Image is a section from an image of Andra Mihali. Source below.

On the topic of (ir)reproducible research

An article by Freedman et al.1 found that different studies estimate the percentage of irreproducible preclinical research to be ranging from 51% to 89%. They found that the main drivers of irreproducibility are the study design, faulty reagents, insufficient protocols, and ill-chosen methods for data analysis.

Freedman et al. 2015

The introductory text of a collection of articles2 regarding reproducibility of research provided by the Nature journal says:

Science moves forward by corroboration – when researchers verify others’ results. […] There is growing alarm about results that cannot be reproduced. Explanations include increased levels of scrutiny, complexity of experiments and statistics, and pressures on researchers.
Nature 2

In a study from 2016, 90% of all participants (n=1576) agreed that there is a least a slight reproducibility crisis and only 73% think that at least half of the results in their field can be trusted3.
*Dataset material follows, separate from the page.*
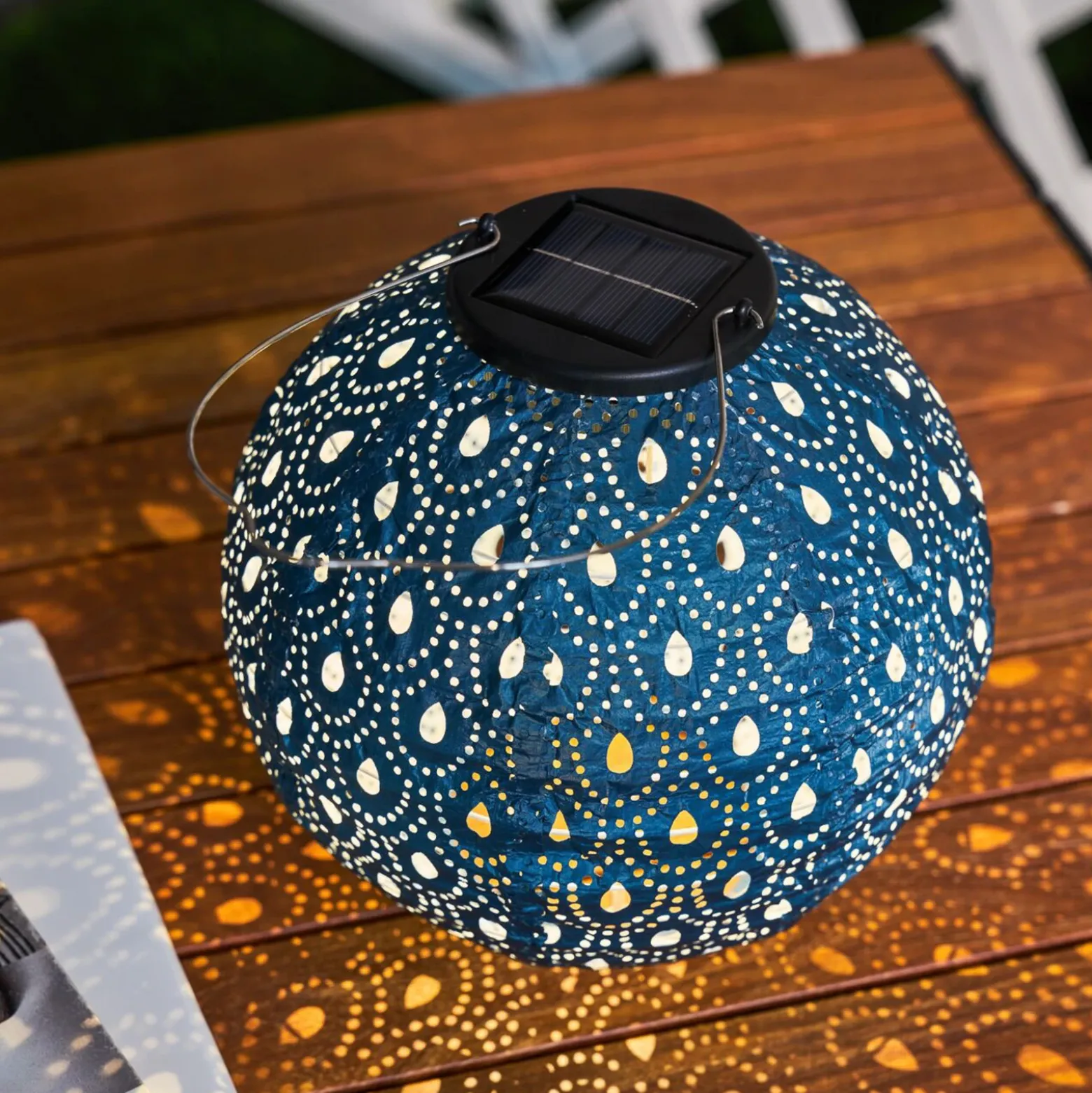 Pauleen Sunshine Charm lámpara solar LED azul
There are even companies emerging that try to offer services that facilitate reproducibility by increasing the quality standard 4. They boil down the essence of the previous two findings on their homepage:

Recent publications showed some worrying results about the quality in research and point towards a major issue in the scientific field: The lack of being able to reproduce research data. This issue seems to be so prominent that the phrase “Reproducibility Crisis” came up because 50 -90% of data could not be reproduced. Interestingly, according to a survey published in Nature shows that researchers are aware!
PAASP 4

In this article I will first explain what reproducible research is, then show some reasons why sometimes findings are not reproducible, and in the end I will point to some strategies and values that I think are obligatory to achieve reproducible science.

What is reproducible research?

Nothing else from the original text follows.